5 Replies Latest reply on Jul 7, 2006 2:48 PM by smarlow

    Cold Deployment

    jleech

      I would like to do cold deployment rather than hot deployment for the following reasons:
      1) Hot deployment deploys simultaneously to all the nodes, resulting in down time.
      2) Hot (re)deployment of my application sometimes results in OutOfMemory errors.

      The way I imagined it would work is I would have my application running on several nodes. I would stop one, deploy the new version to its farm directory, and start it back up. And repeat the process for the other nodes.

      In reality what happens when I do that is that the new version of the application is not deployed anywhere, exactly as described in http://wiki.jboss.org/wiki/Wiki.jsp?page=JoinTheClusterBeforeUpdatingTheFarmDirectory

      Is there a way to disable hot deployment, but still use all the other clustering features?
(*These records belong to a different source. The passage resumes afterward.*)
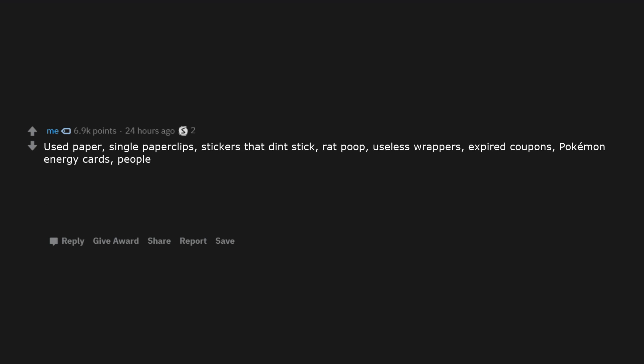A keychain that shuffles your keys location. Glue that has dried glue at the opening. Used paper, single paper clips, stickers that didn't stick, rat poop, useless wrappers, expired coupons, that came in energy cards, people.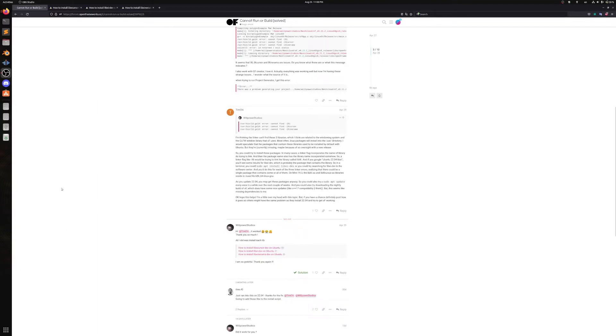Hello everyone, how's it going? Today we're just going to be quickly covering how to fix installing OpenFrameworks on Ubuntu 22.04 and Ubuntu 22.04 based distributions.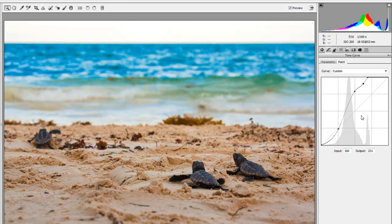Tone curves — not that scary. A little intimidating maybe at first, but really not that scary. The parametric is less damaging in transitions than the point curve, but you want to get comfortable with both. Tone curve adjustments in a nutshell — they're going to make your post-production even better in Adobe Camera Raw. Thank you.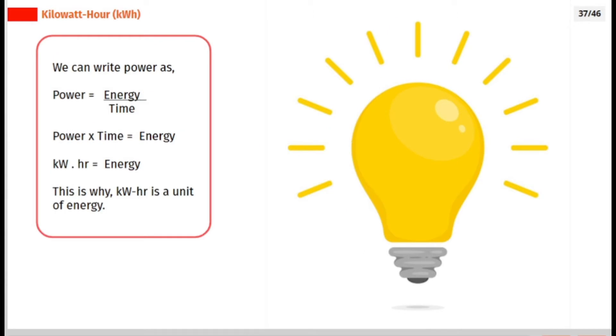We can write power as power equals energy divided by time. Power multiply time equals energy. Kilowatt multiply by hour equals energy. This is why kilowatt-hour is a unit of energy.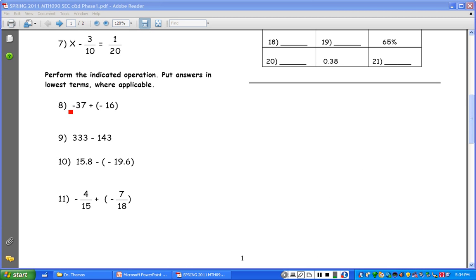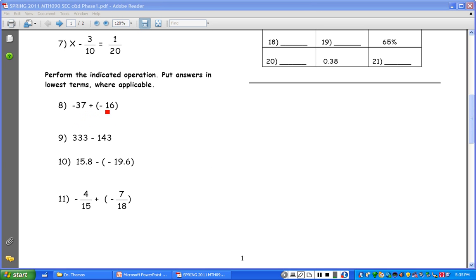As you can see, number 8, we have negative 37 plus negative 16. If you're still unsure about negative numbers, you really need to go back and review the integers session I did on integers. When you're adding two negative numbers — same sign, you sum. SSS: same sign, sum. So you would add these two numbers together and your answer would be negative. You keep the sign that you have. Both are negative, so your answer would be negative.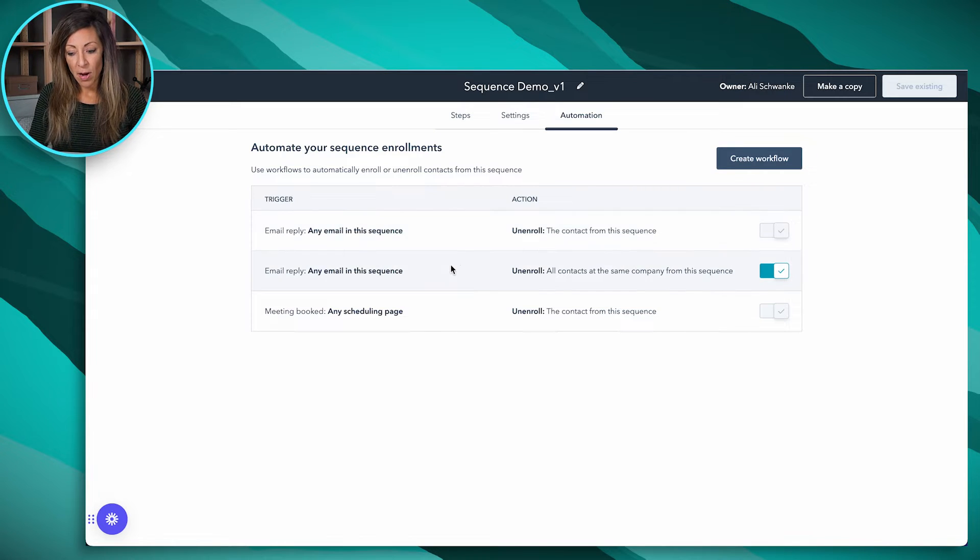An email reply to any email in the sequence — if you turn this on, that means if somebody from the same company unsubscribes or responds to an email, then everybody from that company would get unenrolled. So keep in mind, you don't want to badger a company. Let's say you have 10 contacts and someone says stop bothering me — maybe you want to unenroll everybody. That's what toggling this on and off does.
        • 1. Re: Cold Deployment

          Maybe I am missing something here. If you want cold deployment, why do you need to deploy your app under farm directory? Shouldn't a regular deploy directory work the same?

          • 2. Re: Cold Deployment
            jleech

             

            Maybe I am missing something here. If you want cold deployment, why do you need to deploy your app under farm directory? Shouldn't a regular deploy directory work the same?


            Perhaps... I am new to JBoss clustering and thought deploying to the farm directory might give special clustering powers to the EJBs in the application. Does deploying to the farm directory just do a distributed hot deployment?

            • 3. Re: Cold Deployment
              brian.stansberry

              Yes, just a distributed deployment. There is an issue that prevents placing something in a node that is not running and then having it deploy when the node starts.

              • 4. Re: Cold Deployment

                Hi, thanks for the information. I'm running into this issue as well. I have a cluster of several nodes and just want to be able to have nodes go down and come up at random and not have clients notice (assumption is that at least one node will be up at any given time)... as it is, in a simple two node cluster I've been testing on, if one node goes down and then comes back up, unless I manually trigger hot deployment somehow, coming back up will use cold deployment and that node will be useless since my app won't be loaded.

                So I have two questions:

                Is there a recommended best practice for deployment that can mitigate this issue? For example, would having each node point to a central HTTP farm URL help at all, since it might be easier to trigger hot deployment everywhere by updating the "last modified" time on the centrally-distributed file?

                And is there any projected timetable for a fix of the underlying issue itself?

                Thanks,
                --Erik

                • 5. Re: Cold Deployment
                  smarlow

                   

                  Is there a recommended best practice for deployment that can mitigate this issue? For example, would having each node point to a central HTTP farm URL help at all, since it might be easier to trigger hot deployment everywhere by updating the "last modified" time on the centrally-distributed file?


                  Sure, this would work. Others have followed this approach as well to work around the farm deployment issues. The central farm url (perhaps a shared filesystem) can be a single point of failure but you could add a secondary (alternative) farm folder in case the shared filesystem crashes.

                  Regarding your other question of what the timetable is for fixing this. The problem has been recorded in the Jira system and design forums, however, there is no timetable set for resolving these issues.

                  http://jira.jboss.com/jira/browse/JBAS-1322 describes the problem that you have hit.

                  http://jira.jboss.com/jira/browse/JBAS-2326 describes a problem that you could hit if connectivity between nodes breaks and latest resumes (cluster nodes continue to run throughout this situation but do not react to changes made while disconnected from the rest of cluster.)